# DESCRIPTION OF THE TASK
Copy only what lies from the line containing "Girl handler and Dalmatian dog" through the line containing "En trädgård vid" in the entries below, keeping both end lines exact and dropping every picture.

# DATA SECTION
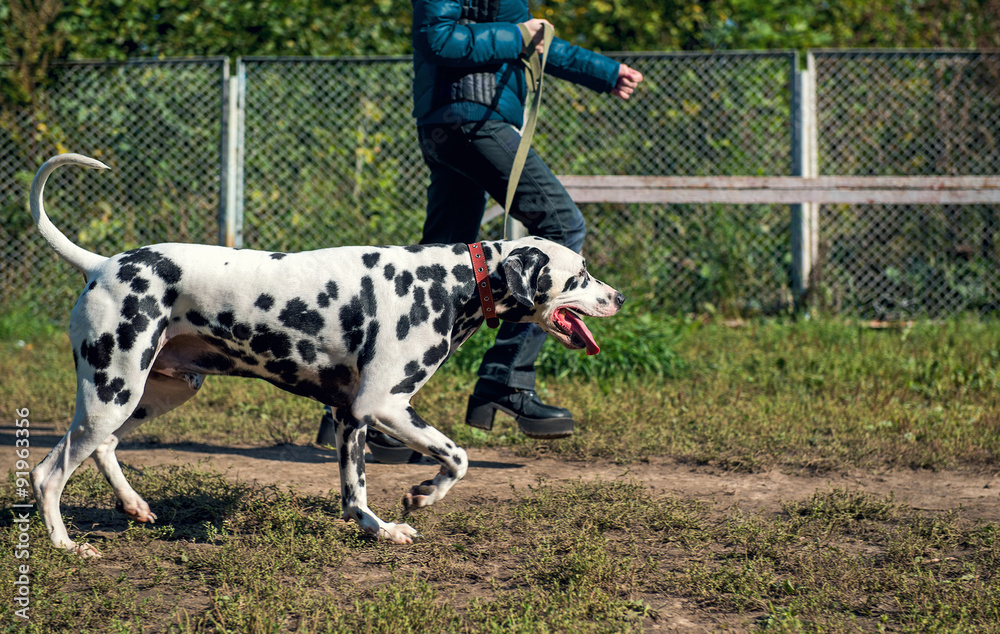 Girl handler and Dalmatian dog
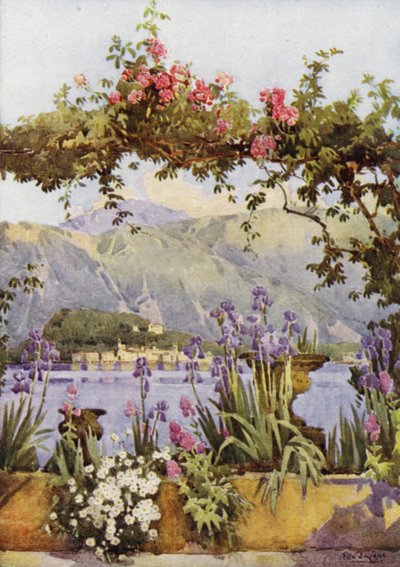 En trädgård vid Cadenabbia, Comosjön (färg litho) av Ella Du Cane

--

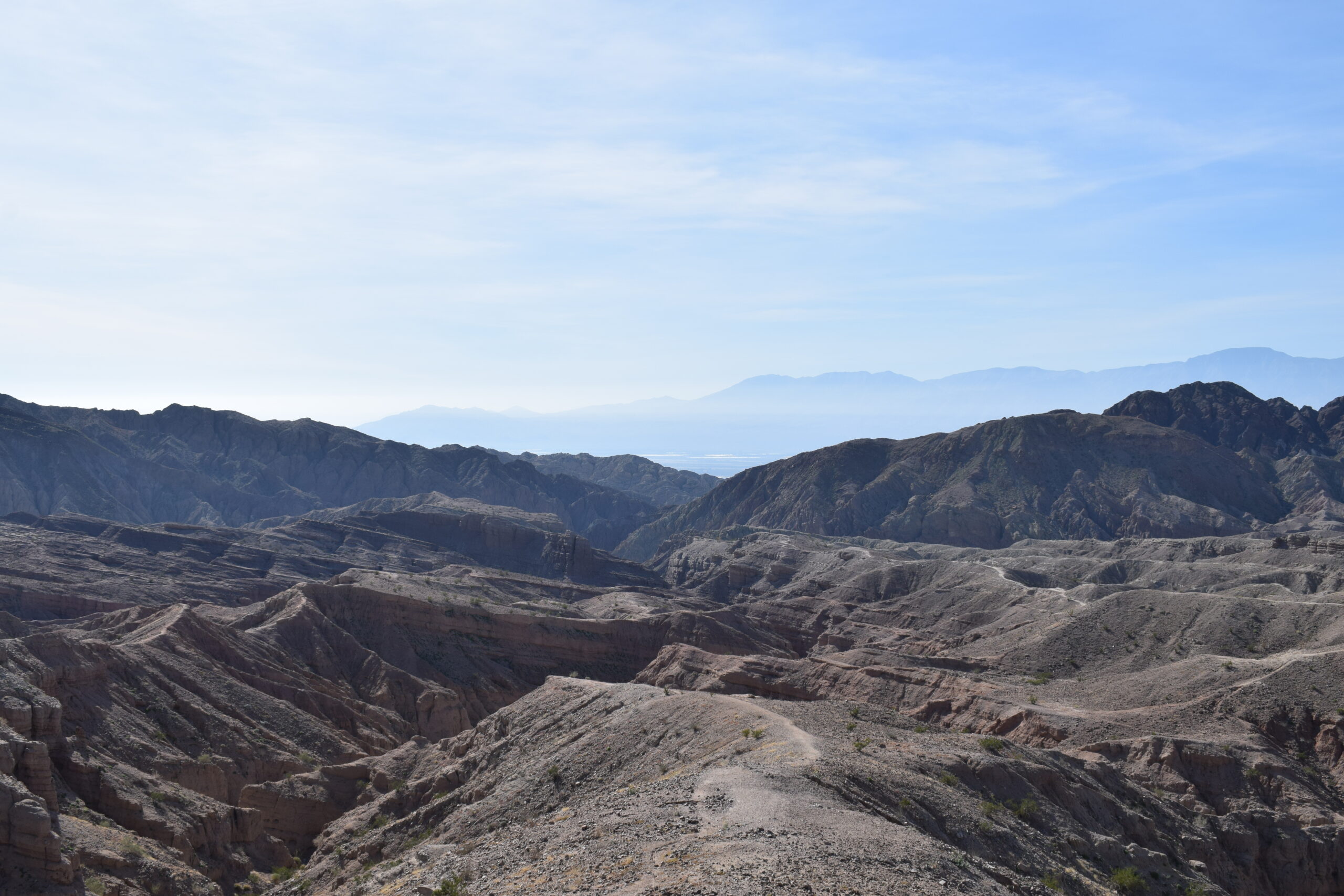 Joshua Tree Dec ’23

# ANSWER SPACE
 Girl handler and Dalmatian dog
 En trädgård vid Cadenabbia, Comosjön (färg litho) av Ella Du Cane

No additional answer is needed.